L’explosion des inégalités dans les pays de l’Union européenne, sur fond de croissance faible ou nulle, un endettement public insupportable, un phénomène de polarisation dans lequel les riches deviennent toujours plus riches et les pauvres toujours plus nombreux, une population de jeunes au chômage ou entraînés dans des emplois de services peu qualifiés et mal payés, des classes moyennes qui se sentent menacées et qui cherchent des boucs émissaires, émeutes, guerres civiles, l’engrenage de la violence…, ce funeste enchaînement ne vous rappelle rien ?

 « Un peuple qui oublie son passé, se condamne à le revivre ».

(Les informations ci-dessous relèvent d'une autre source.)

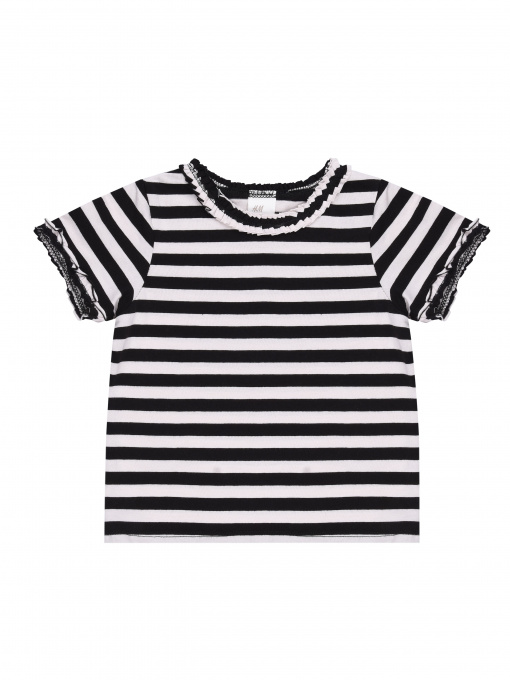 Футболка H&M модель 10039475 Фото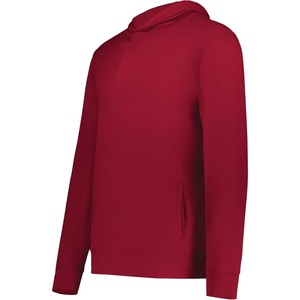 image:imageHolloway Boys Youth Ventura Soft Knit HoodieScarlet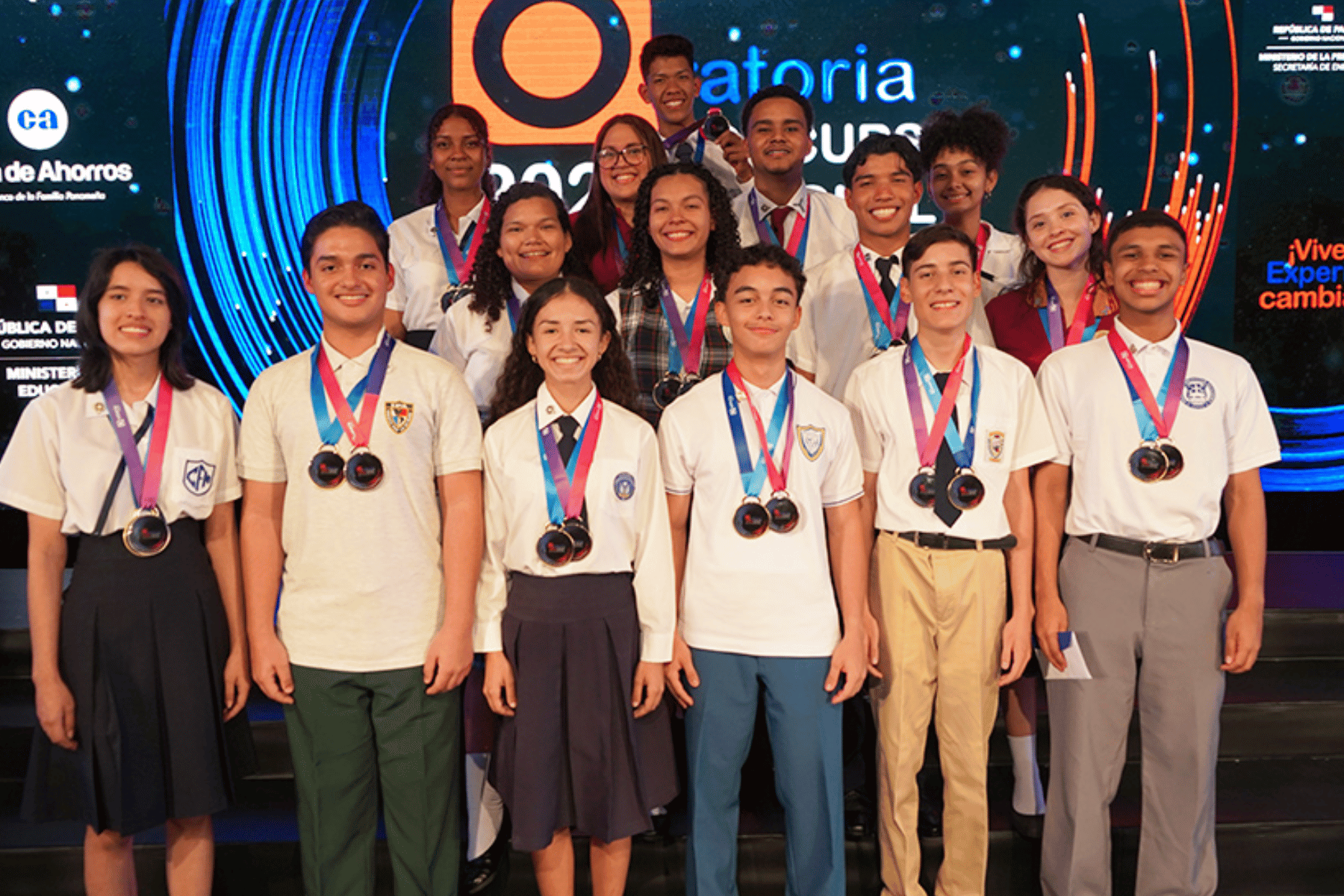 El 7 de enero se conocerá al ganador del concurso nacional de oratoria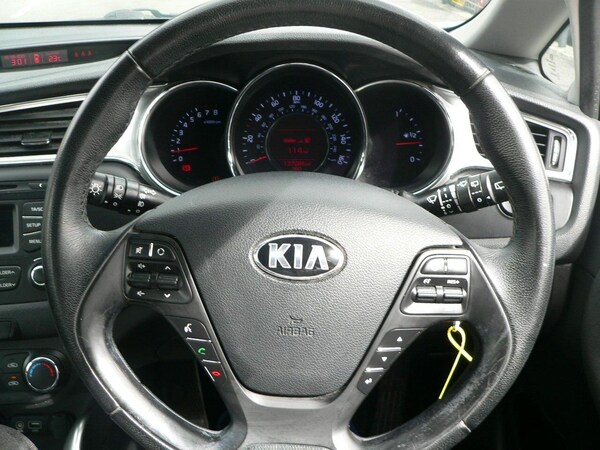Used Kia Ceed 2015 for sale - 75588817: Photo 24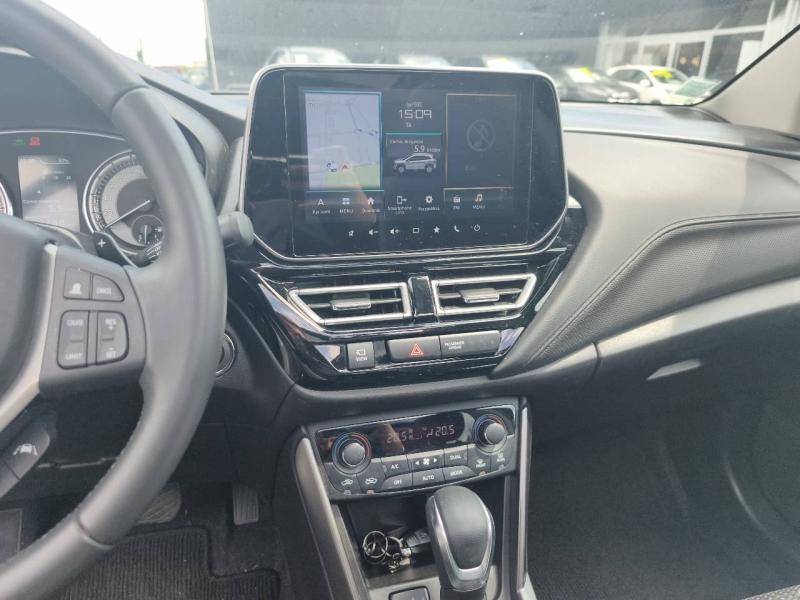 Image SUZUKI S-Cross 1.5 Dualjet Hybrid 115ch Style Auto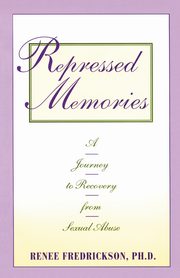 Repressed Memories, Fredrickson Renee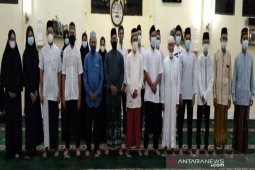 Masjid Al-Muhajirin bentuk AM3 cetak generasi Islami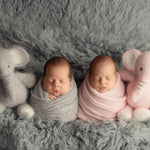 Newborn Elephant Toy for Birthday Gift, Elephant Photo Props, Elephant Crochet Toy, Newborn Photography Props, New Baby Gift Elephant Toy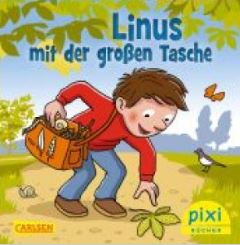 Pixi 290: Pixi liebt die Natur - Bild 8
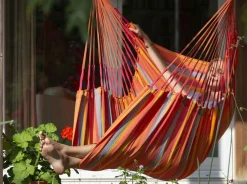Hængekøjestol kingsize outdoor - Toucan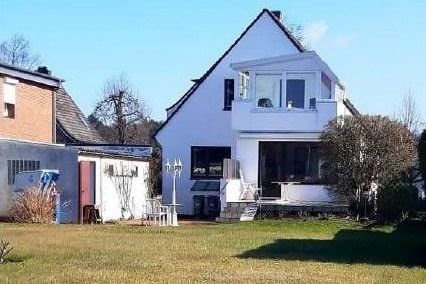 Bad Schwartau Häuser, Bad Schwartau Haus kaufen
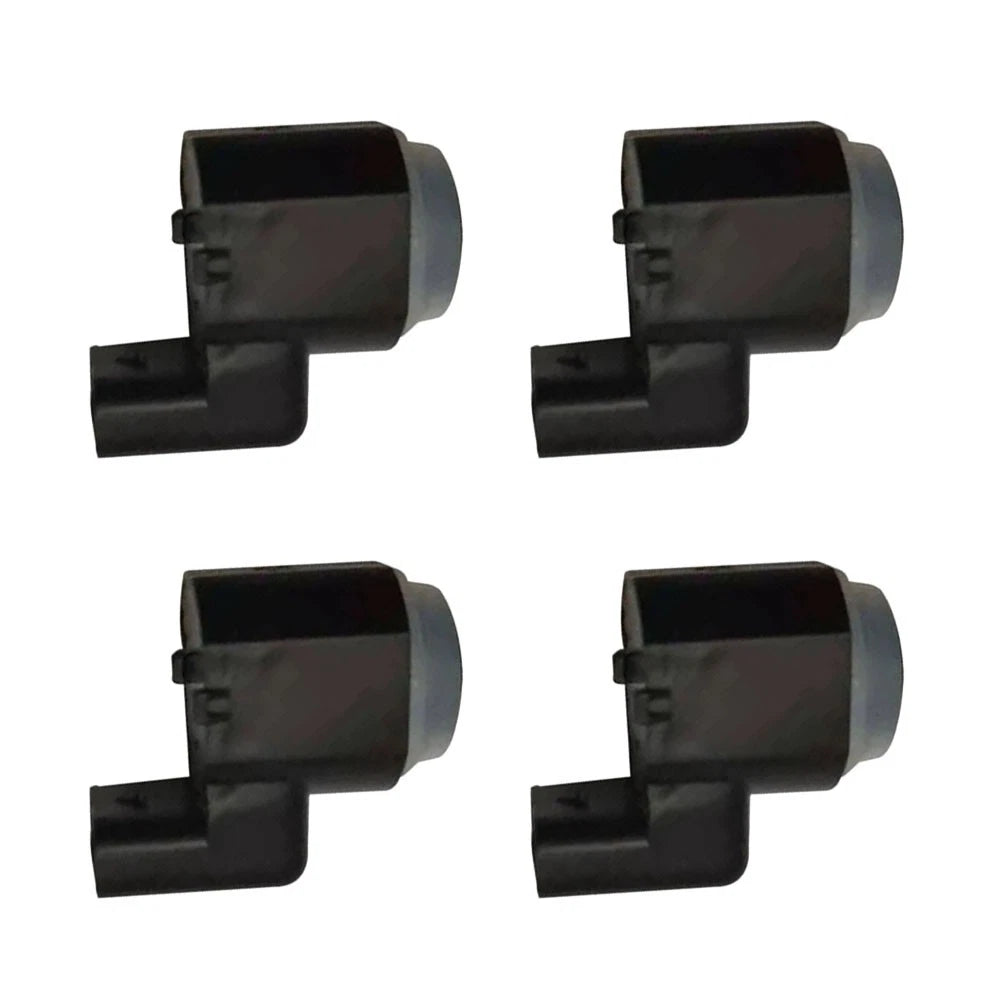 4pcs PDC Parking Sensors for Hyundai Santa Fe, Kia Sorento, Optima (2013-2018)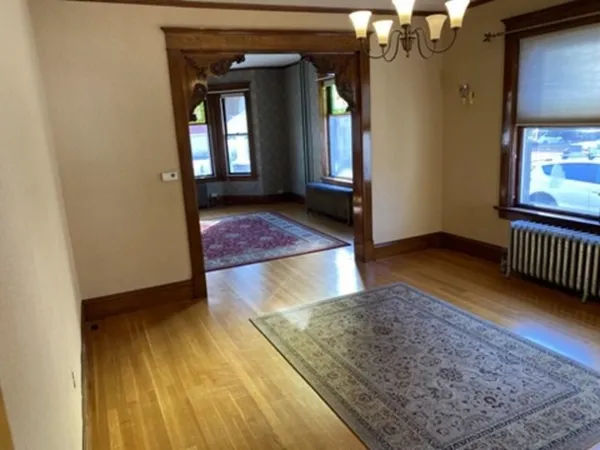 $350,000 | 23 Bishop Street, St. Albans, VT 05478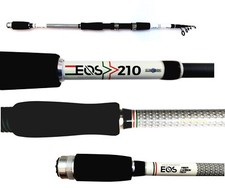 kit canna eos 2.10m pesca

En 1935, Jean Giraudoux publiait « La guerre de Troie n’aura pas lieu !«  Avec lucidité, l’auteur voulait dénoncer la passivité de l’opinion publique et le cynisme des hommes politiques qui voyaient venir la guerre, mais ne faisaient rien de courageux pour l’éviter. Sa pièce de théâtre voulait être un avertissement devant la montée du fascisme et du totalitarisme sur fond de crise économique.

Cette année-là aussi, une chanson obtenait un succès phénoménal, qui se prolonge encore aujourd’hui. Intitulée « Tout va très bien, Madame la Marquise ! », son ironie féroce la faisait fredonner par des Français inquiets de la tournure des événements, inquiets, mais lucides, à l’image de son interprète, à l’époque de sa création, Raymond Ventura, qui était juif.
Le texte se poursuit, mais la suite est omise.